That block reason is not just descriptive. It is part of the scheduler safety model. The kernel distinguishes:

user deschedule()
task wait()
timer sleep
kernel synchronization wait

This design solves a real problem: not every blocked thread may be woken by the same actor.

Examples:

user make_runnable() may only wake user-descheduled threads
condition variables and other kernel sync primitives wake only sync waiters
task death may safely wake task waiters, user-descheduled threads, and sleeping threads
task death must not blindly wake threads blocked inside arbitrary kernel sync protocols

Without this classification, wakeups would be overly permissive and could break invariants inside synchronization primitives.

9.4 Sleep Queue

Sleeping threads are kept in a separate sleep queue. The timer interrupt:

increments the global tick count
wakes every thread whose wake time has arrived
acknowledges the PIC
immediately invokes the scheduler

This keeps the sleep mechanism completely scheduler-owned.
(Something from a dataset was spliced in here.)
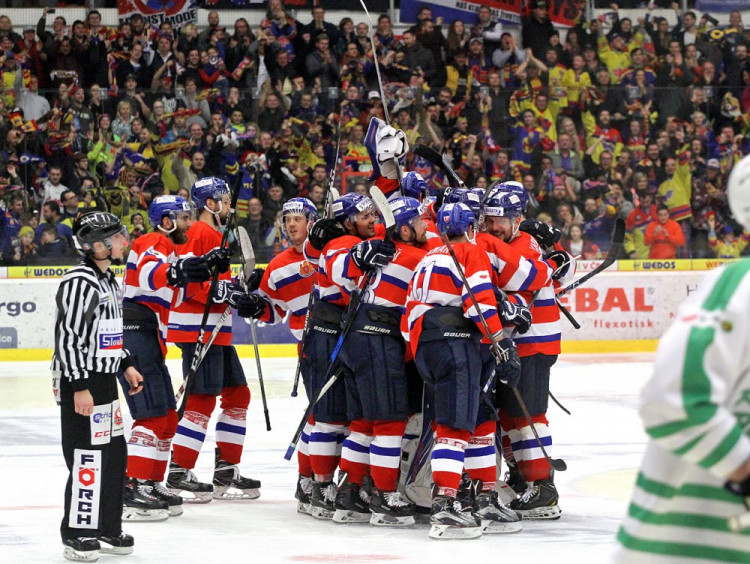 Pohled na radující se hráče Motoru nikdy neomrzí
10. Task and Thread Lifecycle

10.1 Creation

Task creation allocates:

the task structure
the initial thread structure
the thread's kernel stack
a page directory cloned from the shared kernel mapping

At this point the new task exists, but it is not yet globally visible until the scheduler registers it and its first thread becomes runnable.

That publication order is intentional. Partially initialized tasks are never visible to unrelated kernel code.

10.2 Kernel Stacks

Each thread gets a multi-page kernel stack. The lowest page is left unmapped as a guard page so overflow becomes a page fault instead of silent corruption.

Kernel stacks are expensive page-aligned objects, so the kernel also keeps a small cache of recently freed stacks. This reduces churn in high-frequency thread creation workloads while preserving the guard-page design.

10.3 `fork()`

Task fork creates a new task with a copied user address space and a new thread whose saved register frame is derived from the parent's interrupted frame.

The child shares no user pages with the parent. The design chooses a deep copy instead of copy-on-write to keep fault handling and lifetime rules simpler.

10.4 `thread_fork()`

Thread fork creates a new thread in the same task, so:

the address space is shared
only a new kernel stack and saved execution context are needed

This cleanly separates process creation from same-address-space thread creation.

10.5 `exec()`

exec() is allowed only when a task has a single thread.

This is a deliberate simplification. Replacing the address space of a multi-threaded task would require either killing sibling threads or reasoning about partially replaced shared state. Rejecting that case keeps the model coherent.

The exec path validates and copies user arguments first, builds a new address space, then commits atomically by switching the task's page directory pointer and freeing the old address space.

10.6 Normal Thread Exit

When a thread exits:

it marks itself exiting
it decrements the owning task's live thread count
if it was the last live thread, it frees the task's user address space
it unregisters itself from the global thread registry
it hands control to the scheduler, which marks it dead and never runs it again

The thread does not free its own thread object or its own running stack. That would be unsafe because it is still executing on that stack. Reaping is always done by another thread later.

10.7 Task Exit and Zombies

The last exiting thread turns the task into a zombie. At that point:

the address space is already gone
no live threads remain
the task object still exists
exited thread objects may still need to be freed

The zombie task is then published to its parent's child-zombie queue.

This is the core task-lifecycle idea:

address-space teardown happens at task death time
metadata teardown happens at parent reap time

That split keeps wait/reap logic simpler and prevents parents from observing half-dead address spaces.

10.8 Reaping Dead Threads

A task may contain dead thread objects that have exited but not yet been freed.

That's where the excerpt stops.